Pendant plus d’un siècle, la société Griffon a été présente dans de nombreux foyers français par l’intermédiaire de sa technologie de l’hydrochasse, inventée en 1950 par Claudius Griffon. La chasse hydropneumatique Griffon permet d’économiser près de 70 % d’eau par rapport à une chasse d’eau classique. Suite à un incendie en 1995, la société a perdu de la vitesse, flirtant avec le dépôt de bilan jusqu’à sa reprise, en 2015, par deux entrepreneurs : François Mounier, gérant d’Alsolu, entreprise industrielle basée à La Ricamarie, et l’un de ses amis, Thibaud Elzière, un entrepreneur du web qui a créé notamment la banque d’image Fotolia.

 

Une nouvelle image

 

« Le travail de la nouvelle équipe a été de donner une nouvelle image à la société, qui propose aujourd’hui un grand choix de couleurs dans ses produits, ainsi que la possibilité de les personnaliser », indique Bruno Varin, directeur commercial de la société. Et le rajeunissement de la marque a commencé par un changement d’environnement.

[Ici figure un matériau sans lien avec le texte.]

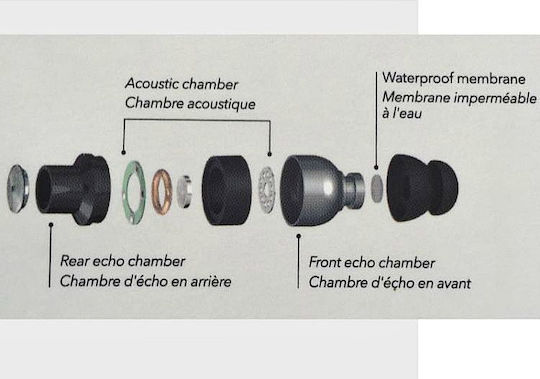 iFrogz Impulse In-Ear Bluetooth-Freisprecheinrichtung Kopfhörer Weiß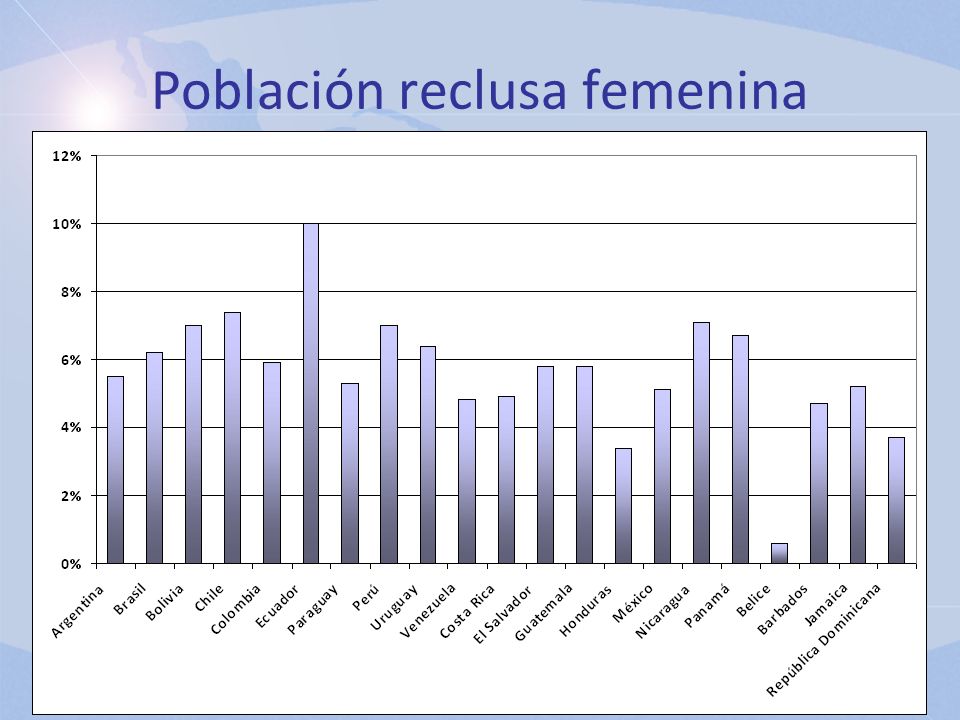 Población reclusa femenina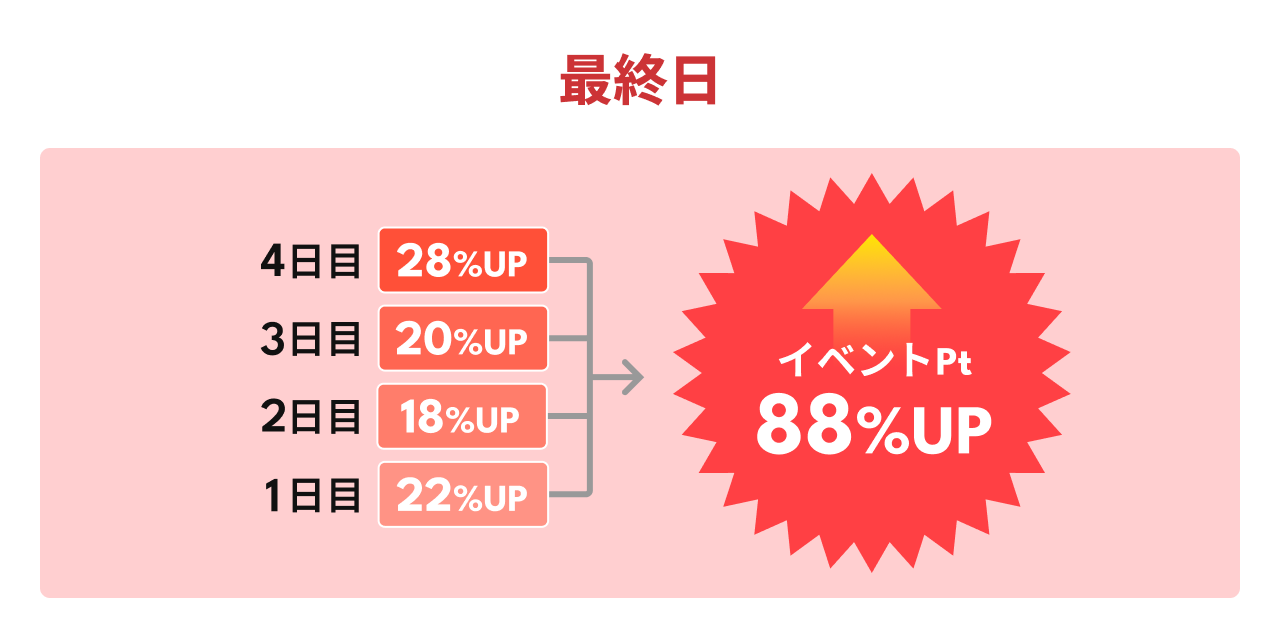 burst_faq_06.png
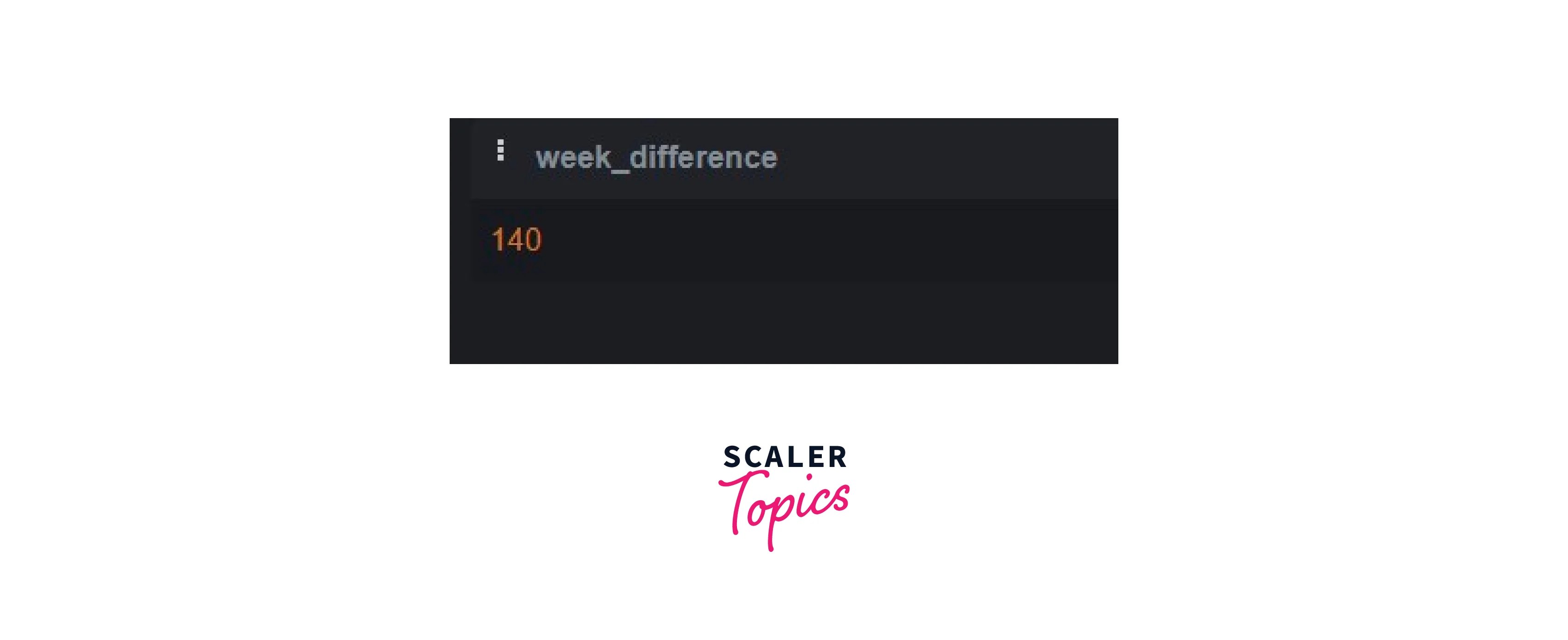 PostgreSQL DATEDIFF Scaler Topics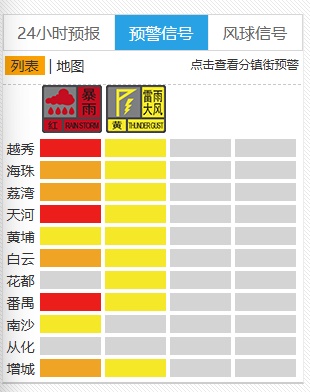 暴雨红色预警拉响!广东多地紧急通知:停课! 暴雨红色预警拉响!广东多地紧急通知:停课!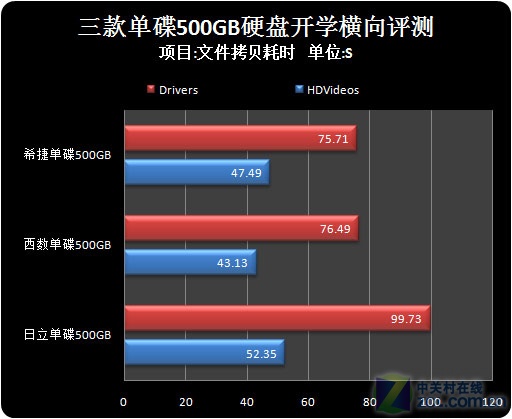 单碟500G诱惑 三款300元内硬盘对比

Oubliés les locaux vétustes du Pont-de-l’Ane à Saint-Etienne, la production, puis l’administration de la société ont déménagé en 2016 dans des locaux flambants neufs au Chambon-Feugerolles. « Nous avons refait toute notre charte graphique, et mis en avant la modernité de nos produits », ajoute Floriane Vial, responsable administrative et relation client.

 

Un objet de décoration

 

« Aujourd’hui, nous proposons des ensembles complets à nos clients, dans des couleurs tendances et entièrement personnalisables. L’hydrochasse devient un véritable objet de décoration ». Pour faire la promotion de ses produits, la société a multiplié les salons dédiés à l’architecture, au design et à la décoration. « Nous avons deux types de clients », précise Bruno Varin. « Le marché de remplacement avec nos séries standards vendues en grandes surfaces de bricolage, et des produits haut-de-gamme que nous vendons à travers notre réseau de prescripteurs ». La société, qui emploie une dizaine de personnes, a réalisé un chiffre d’affaires de 400 000 € en 2016, qu’elle espère bien doubler en 2017.